=== Begin Enclosure ===

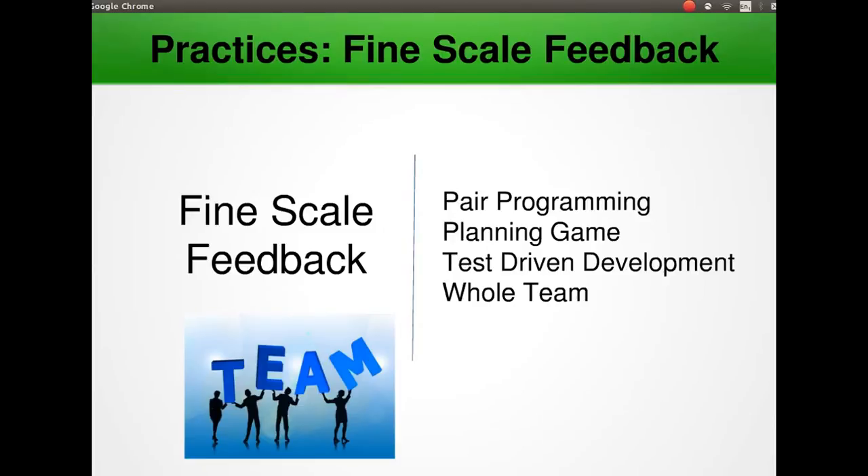Finally in fine scale feedback, we have whole team. Within XP, the customer is the one who really uses the system. XP says that the customer should be on hand at all times and available for questions. For instance, a team developing a healthcare dispensing system should include a pharmacy business partner to answer questions and assist with the design.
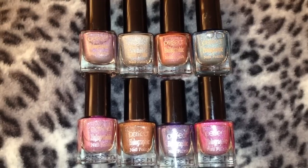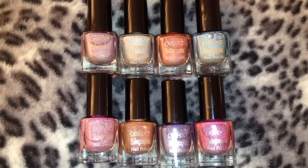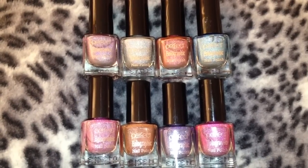Hi guys, just wanted to show you this set of perfect holographic nail polishes which I got off eBay — I'll link the seller's name down below in the description box. I paid £30 for these delivered, which is a bargain.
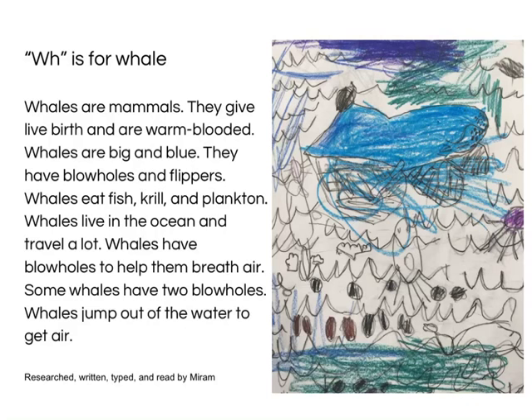Thank you so much. Whales live in the ocean and travel a lot. Whales have blowholes to help them breathe air. Some whales have two blowholes. Whales jump out of the water to get air.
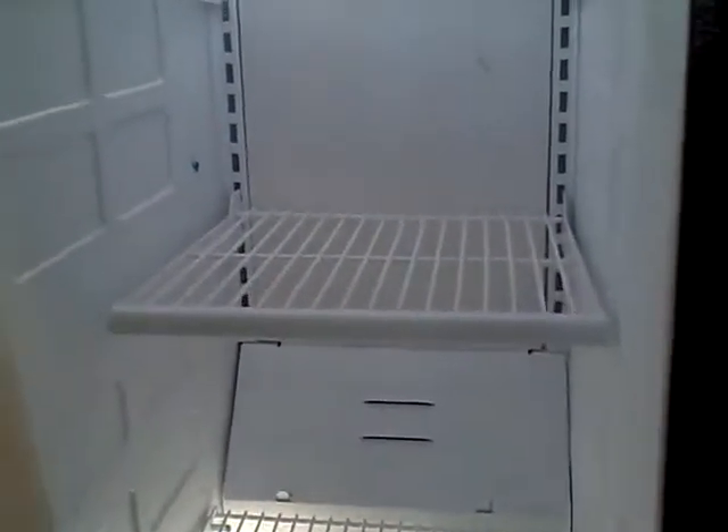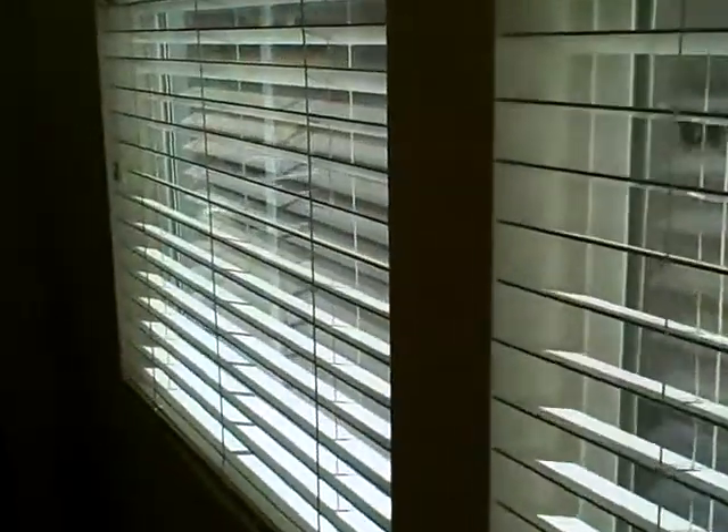It looks okay. I opened up all the drawers, didn't see anything really. I opened up all the cabinets, they feel all right — no dirt in there. All the light bulbs are on. I looked at all of the blinds; they feel clean. I don't see any dust on them.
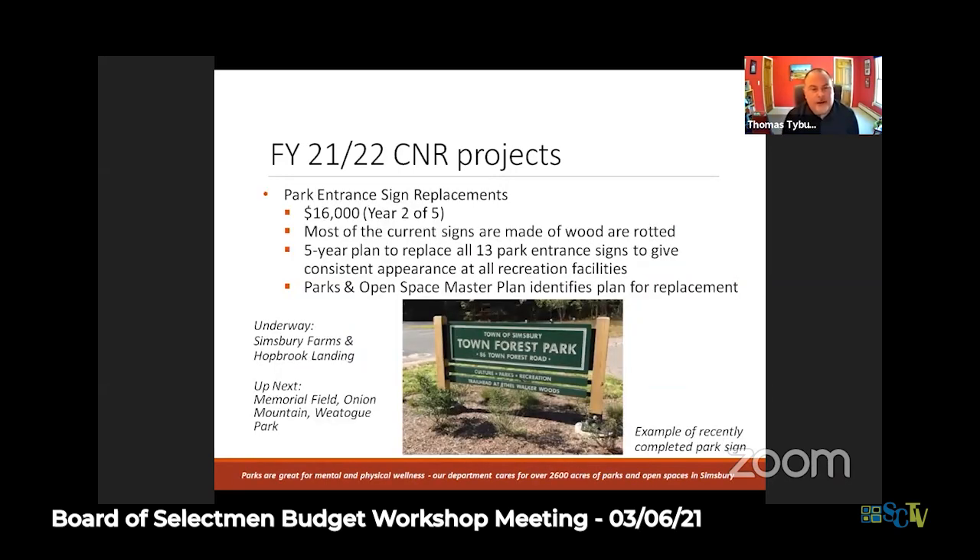Looking at funding plans, with the park entrance signs we're in year two of a five-year plan to do all of the major parks and open space signage. Funding started last year, and this spring and early summer you're going to see new signs outside Simsbury Farms and a new sign for the new park by the flower bridge - Hopbrick Landing. If you fund this year, you'll see new signs at Memorial Park, Onion Mountain Park, and probably Wheotog Park as well.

=== End Enclosure ===

WORK INSTRUCTION |
Write out the data in full and exactly as given, though without the images.

ANSWER TO THIS TASK |
Finally in fine scale feedback, we have whole team. Within XP, the customer is the one who really uses the system. XP says that the customer should be on hand at all times and available for questions. For instance, a team developing a healthcare dispensing system should include a pharmacy business partner to answer questions and assist with the design.
Hi guys, just wanted to show you this set of perfect holographic nail polishes which I got off eBay — I'll link the seller's name down below in the description box. I paid £30 for these delivered, which is a bargain.
Thank you so much. Whales live in the ocean and travel a lot. Whales have blowholes to help them breathe air. Some whales have two blowholes. Whales jump out of the water to get air.
It looks okay. I opened up all the drawers, didn't see anything really. I opened up all the cabinets, they feel all right — no dirt in there. All the light bulbs are on. I looked at all of the blinds; they feel clean. I don't see any dust on them.
Looking at funding plans, with the park entrance signs we're in year two of a five-year plan to do all of the major parks and open space signage. Funding started last year, and this spring and early summer you're going to see new signs outside Simsbury Farms and a new sign for the new park by the flower bridge - Hopbrick Landing. If you fund this year, you'll see new signs at Memorial Park, Onion Mountain Park, and probably Wheotog Park as well.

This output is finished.